Well, I think that there's significant pricing pressure -- pricing power within the brands that we have. And in periods of economic turmoil, which if those -- if the stimulus does not continue and there are other impacts, it will be slightly disruptive. But we've done very well in periods of tough economic times. It's really a testament to the brands, all of them to the strengths of our brands and our ability to manage in a thoughtful way based on the balance sheet we have, which we can put to use at this time.
Our next question comes from the line of Camilo Lyon with BTIG.
This is Mackenzie Boydston on for Camilo. My first question is about China. So you posted low 20% growth this quarter, definitely impressive given some of the macro challenges there. But would just love to hear you talk about your strategy how you're kind of thinking about China going into this year?
Yes. We've been very open about the fact that we've underperformed in China. It's a huge market -- we've been clear we believe it is the largest geographic area of the company in terms of opportunities. It's great to see a turnaround in that market. We think we have the beginnings of a great growth there. We have a new management team in place, as I think we've told you, and we have a high degree of confidence that we've got the right approach there to get ourselves in a better position.

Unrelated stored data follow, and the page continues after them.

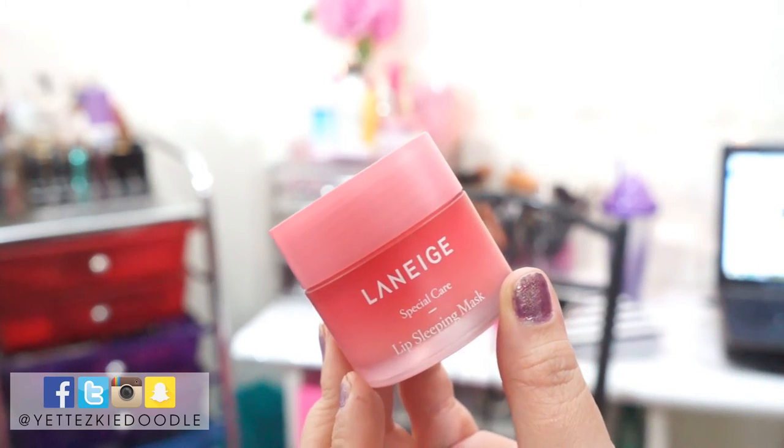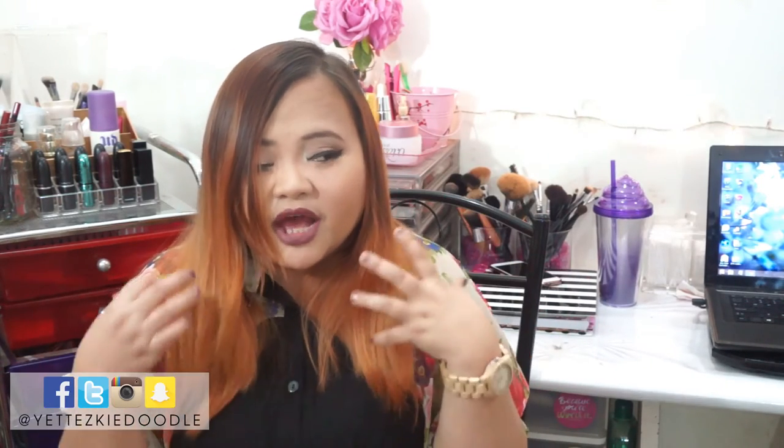Another product from Laneige is the Lip Sleeping Mask. This is really hydrating. I even use it during the daytime even though I'm not going to sleep. You apply it onto your lips before you sleep and when you wake up, you wipe it off with a tissue. Sometimes I don't feel the product when I wake up — maybe because I sleep in an air-conditioned room and it just gets absorbed. But I really do love it. It just keeps my lips plump and hydrated the morning after.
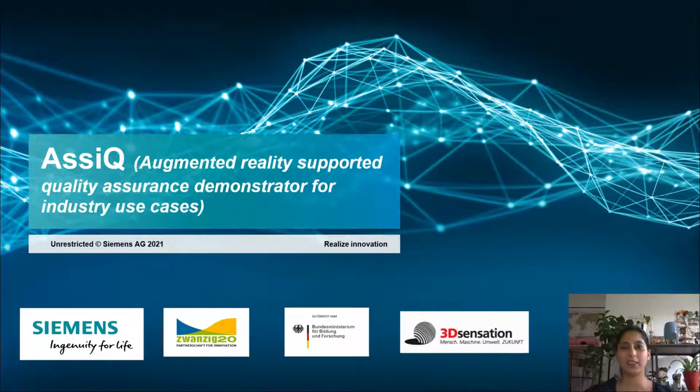Hi, my name is Nishita Sadarshan and I'm working in Siemens AG in Munich, Germany as a project manager and engineer for augmented reality applications. I'll be walking you through a presentation which shows the approach and results of an AR quality assurance demonstrator for industry use cases.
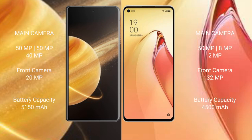Honor Magic V3 features a triple rear camera setup of 50MP plus 50MP plus 40MP, and a 20MP front camera. OPPO Reno 8 Pro Plus features a triple rear camera setup of 50MP plus 8MP plus 2MP, and a 32MP front camera.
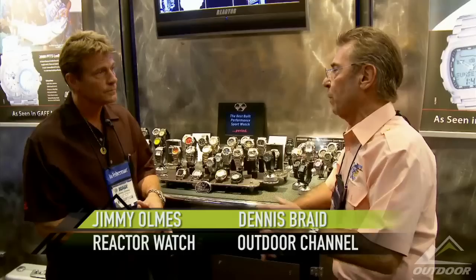We're at the booth at Reactor Watches. Reactor Watches caters to the outdoorsman and a lot of other people as well. I'm here with Jimmy Ohms. Jimmy, great to see you. Tell me about this fantastic line of watches that you offer not only for everyday wear, but to cater to the outdoorsman as well.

The brand is -- the Columbia brand, which is really the only one that we have in that market is very strong. It's been there for a long time, and it's now as our team in China likes to say it's reawakening the brand. So we would expect that you'll see continued strong growth there, especially based on the investments we've made in the digital arena, both in people and processes.
Great. And then my second question is just about footwear. So I know you mentioned in your prepared remarks about not being able to fully meet the demand for footwear this year. Could you just talk about the state of your manufacturing operations and footwear today? And when would you expect to see that start to normalize?
Certainly. Well, I personally have been talking about the promise of footwear since we went public in 1998, and we're now beginning to see just how important that can be with both the Columbia product and the SOREL product, just the demand is literally outstripping our ability to supply it. So we would have growth in footwear, obviously, in revenue and in supply in '22, which is going to be quite higher than it was in '21 but it's still not enough to cover all the demand that we see out there for the product.
And that demand is really quite strong in every market that we operate. So we believe that we are in a position where we will be able to cover that the full demand for the company's footwear products in '23, but it's taken us some time to get ourselves in that position.
Ladies and gentlemen, we have reached the end of the question-and-answer session. I will now turn the call over to Tim Boyle for closing remarks.
Well, thank you very much for listening in. We're really proud of the way our employees and the teams concluded this year. It was -- if you would have told us at the beginning of the year that we'd be in this position, we would likely not have believed you. But we really want to make sure that you understand as much as possible about the business and importantly, the products that we make across all of our brands. So we're looking forward to welcoming you here in September to show you the full breadth of our product offering and the products that we make. So thank you very much.
This concludes today's conference, and you may disconnect your lines at this time. Thank you for your participation, and have a wonderful day.